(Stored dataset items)
##############################

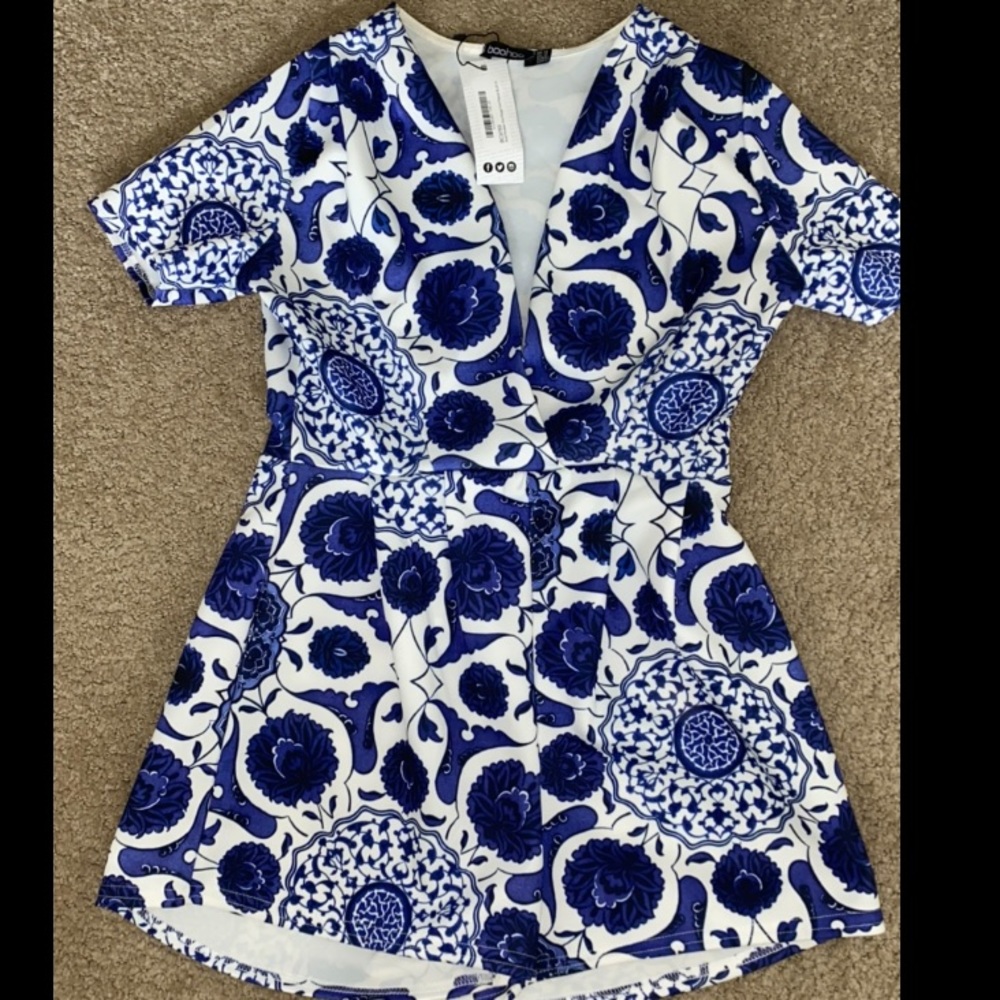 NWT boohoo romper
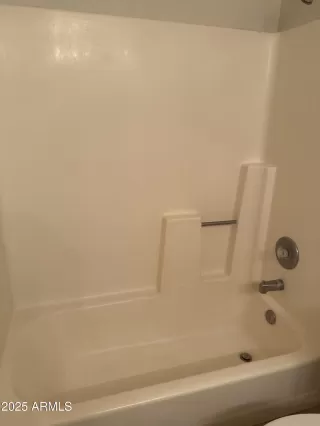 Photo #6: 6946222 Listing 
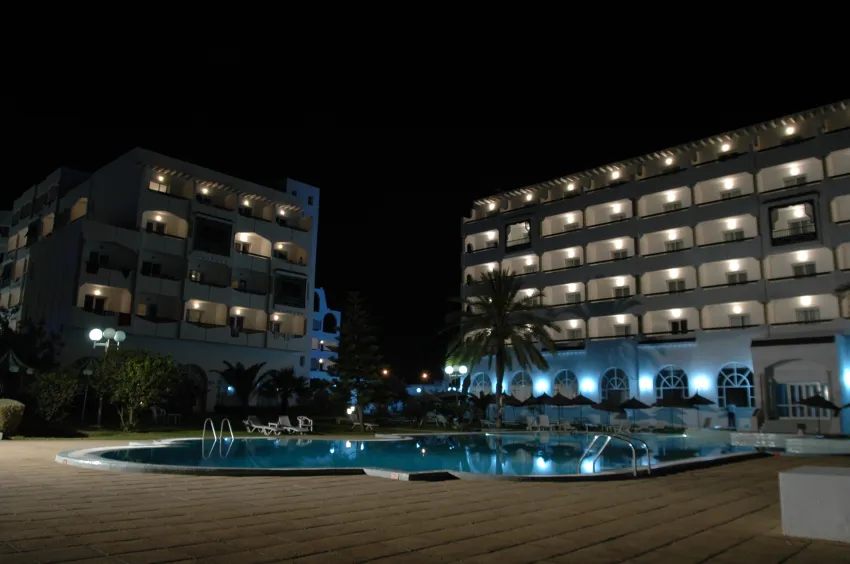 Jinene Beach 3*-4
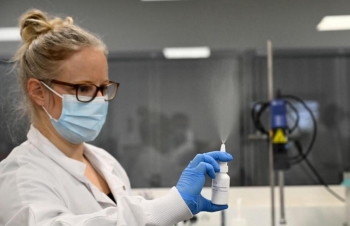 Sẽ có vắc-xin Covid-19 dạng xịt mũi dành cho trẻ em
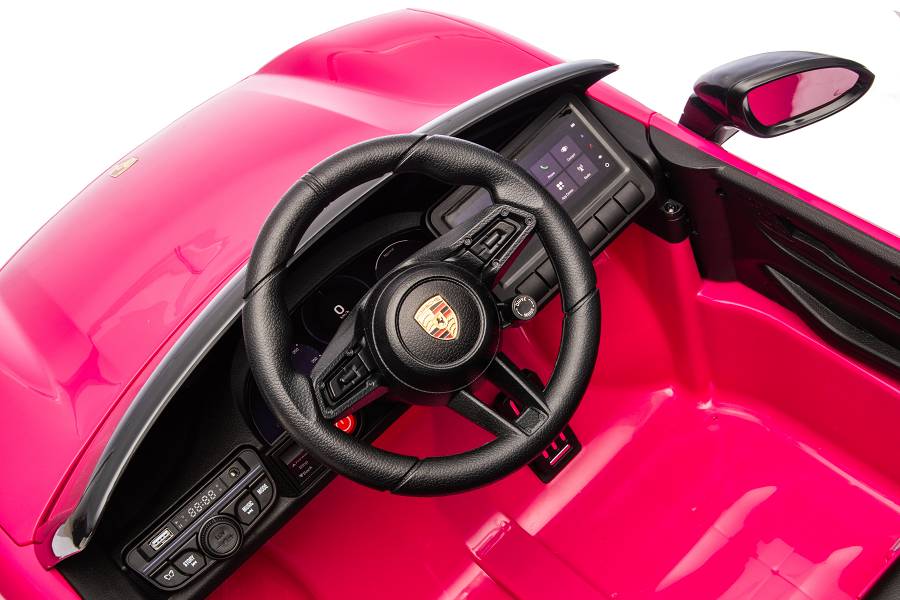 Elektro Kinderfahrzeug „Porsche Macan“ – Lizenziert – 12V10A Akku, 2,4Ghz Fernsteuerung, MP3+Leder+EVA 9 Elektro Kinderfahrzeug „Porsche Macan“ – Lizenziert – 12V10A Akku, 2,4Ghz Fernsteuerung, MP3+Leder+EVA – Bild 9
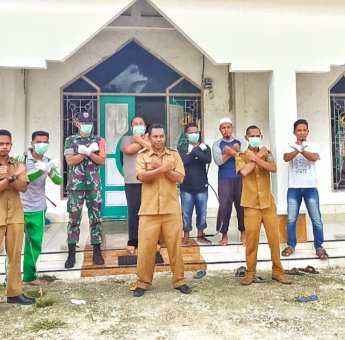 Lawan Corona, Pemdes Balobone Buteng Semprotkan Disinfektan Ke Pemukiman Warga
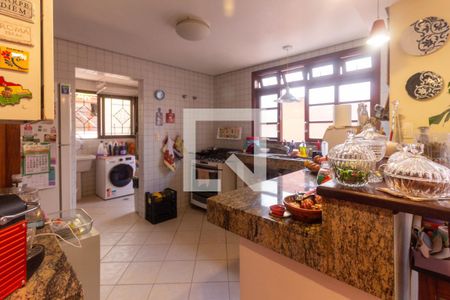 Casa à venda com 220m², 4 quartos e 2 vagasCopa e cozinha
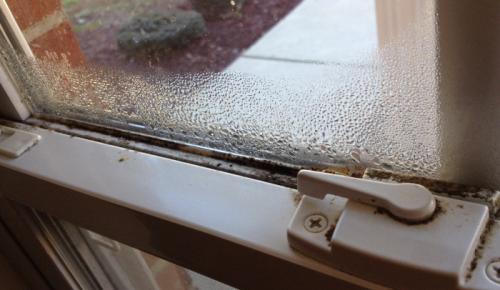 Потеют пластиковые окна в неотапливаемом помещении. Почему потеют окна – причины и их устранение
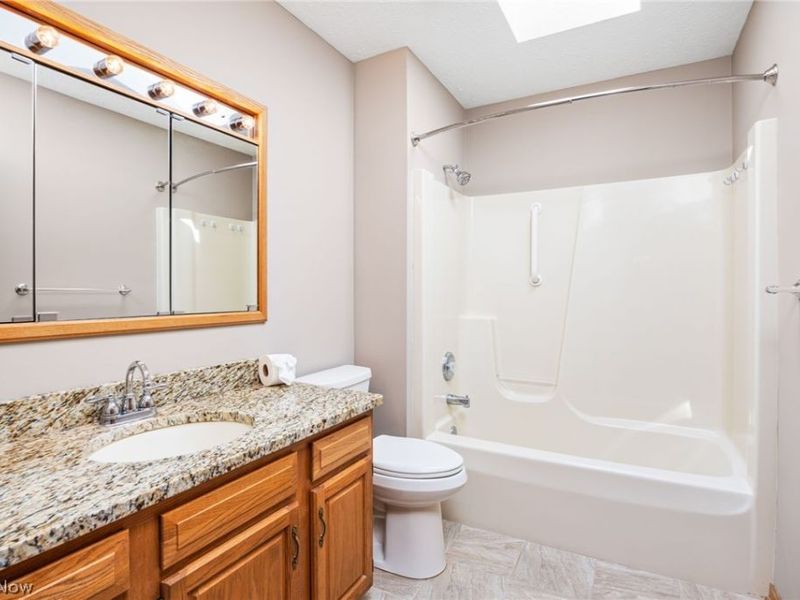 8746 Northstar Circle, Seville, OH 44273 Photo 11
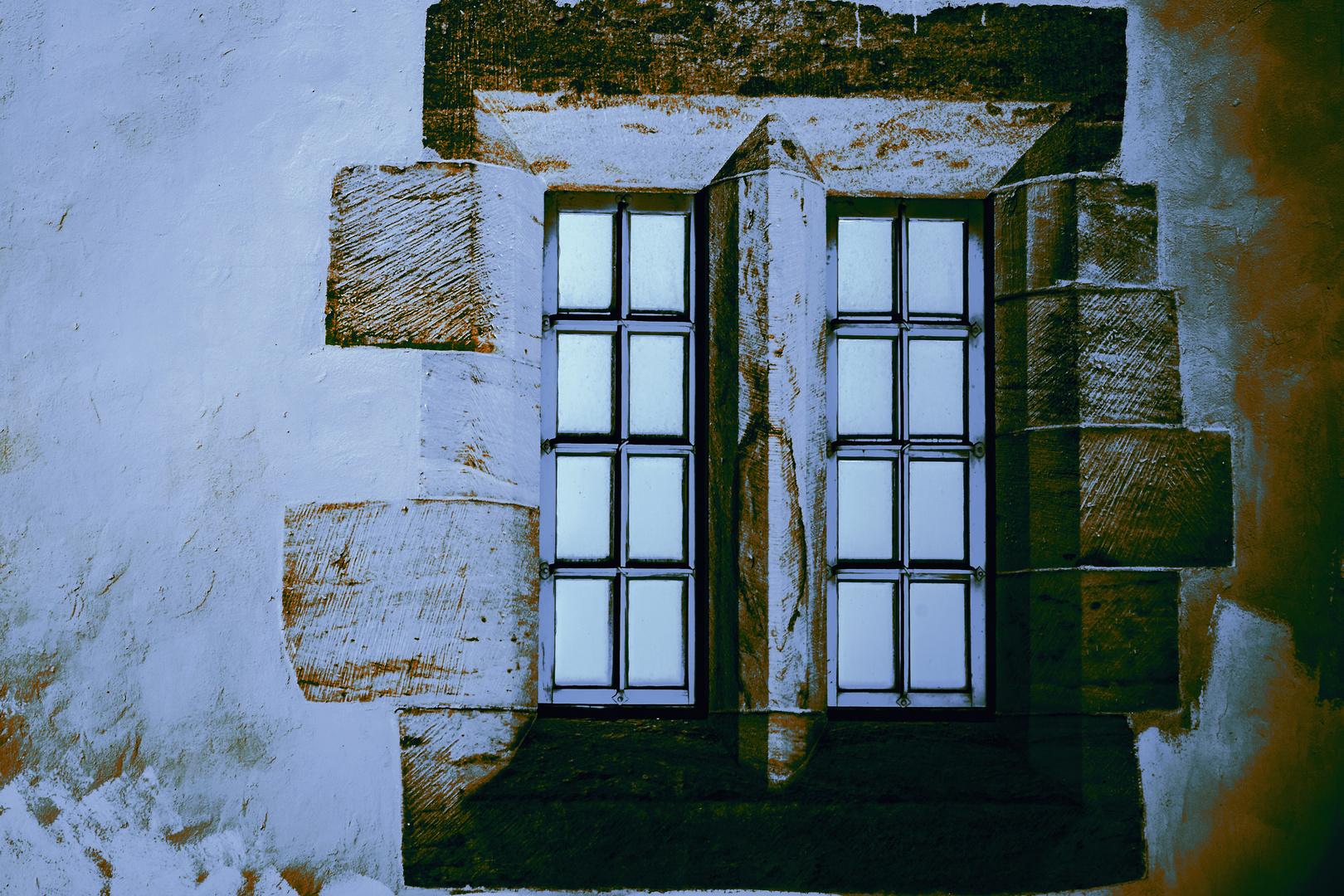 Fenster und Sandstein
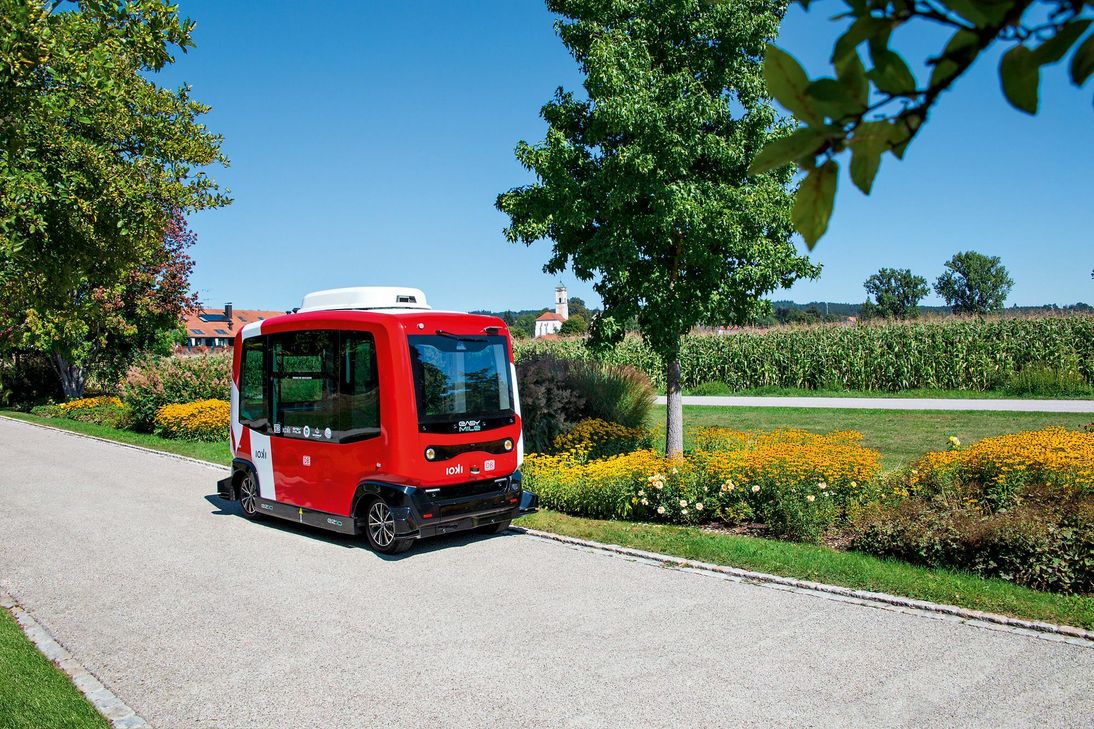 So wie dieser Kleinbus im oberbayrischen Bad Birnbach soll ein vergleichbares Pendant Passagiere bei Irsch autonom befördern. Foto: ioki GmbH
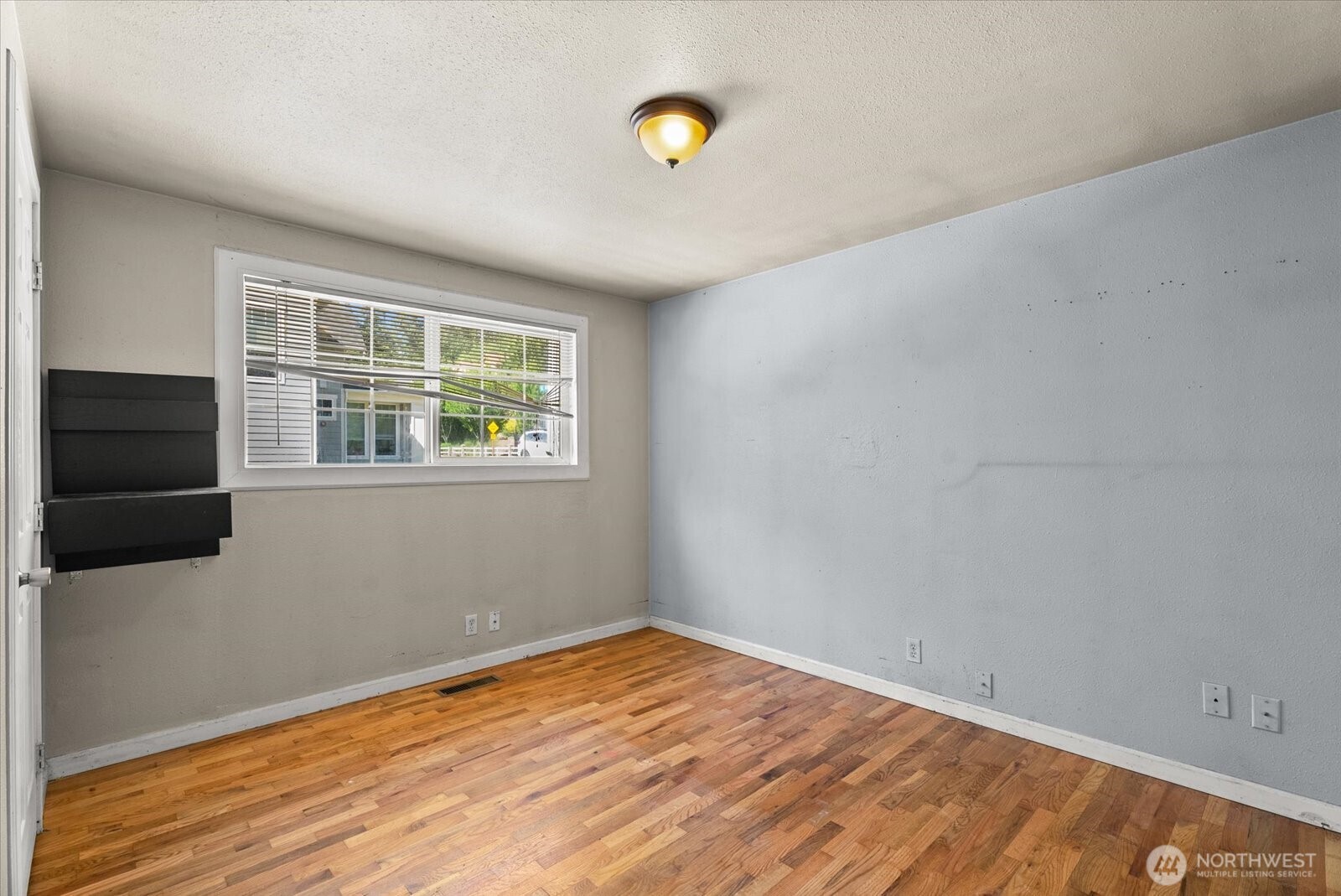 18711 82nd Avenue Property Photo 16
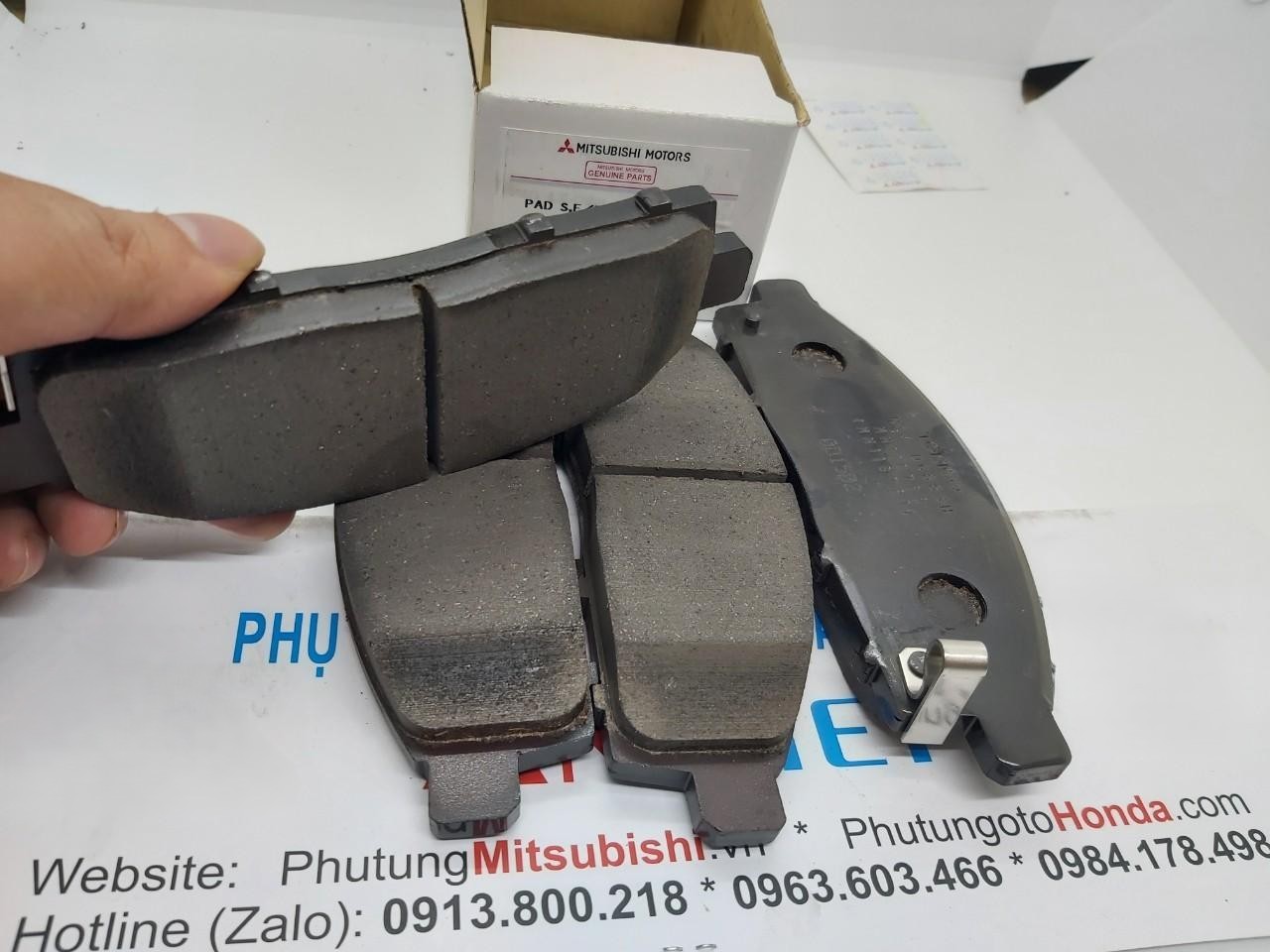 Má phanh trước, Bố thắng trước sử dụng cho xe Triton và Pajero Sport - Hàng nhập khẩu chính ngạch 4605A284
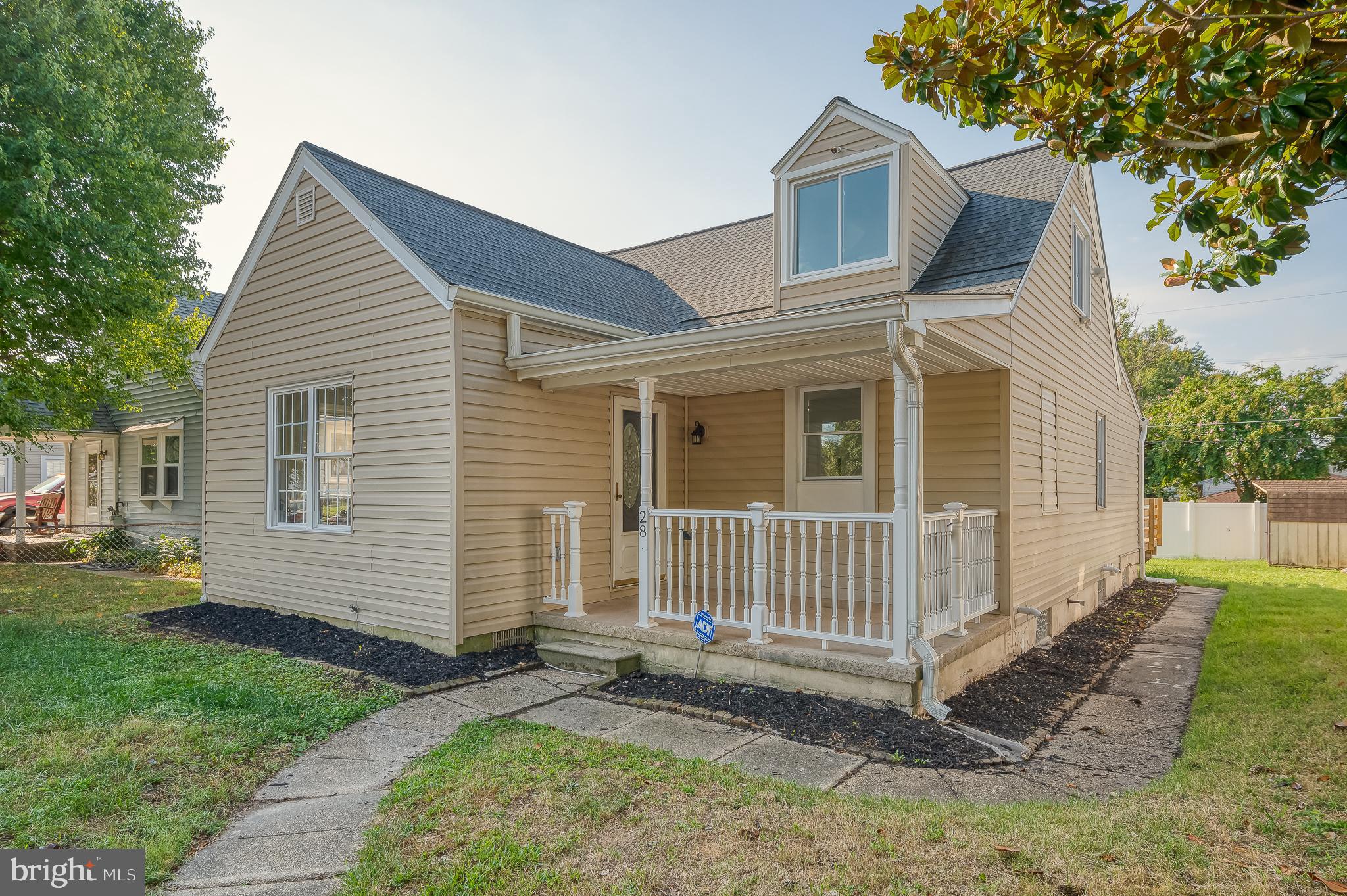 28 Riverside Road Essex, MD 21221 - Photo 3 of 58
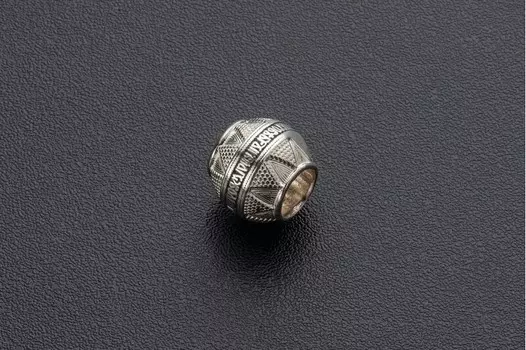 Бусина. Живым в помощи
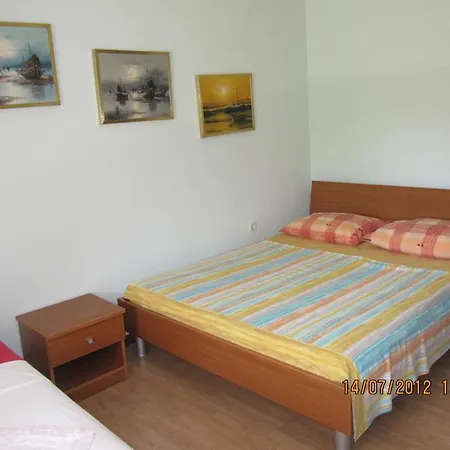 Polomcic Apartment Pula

##############################

**What is expected:**
All lines from the one containing "Потеют пластиковые окна" through the final line of the records are to be retyped exactly; no other lines and no pictures are to be included.

**Exercise result:**
 Потеют пластиковые окна в неотапливаемом помещении. Почему потеют окна – причины и их устранение
 8746 Northstar Circle, Seville, OH 44273 Photo 11
 Fenster und Sandstein
 So wie dieser Kleinbus im oberbayrischen Bad Birnbach soll ein vergleichbares Pendant Passagiere bei Irsch autonom befördern. Foto: ioki GmbH
 18711 82nd Avenue Property Photo 16
 Má phanh trước, Bố thắng trước sử dụng cho xe Triton và Pajero Sport - Hàng nhập khẩu chính ngạch 4605A284
 28 Riverside Road Essex, MD 21221 - Photo 3 of 58
 Бусина. Живым в помощи
 Polomcic Apartment Pula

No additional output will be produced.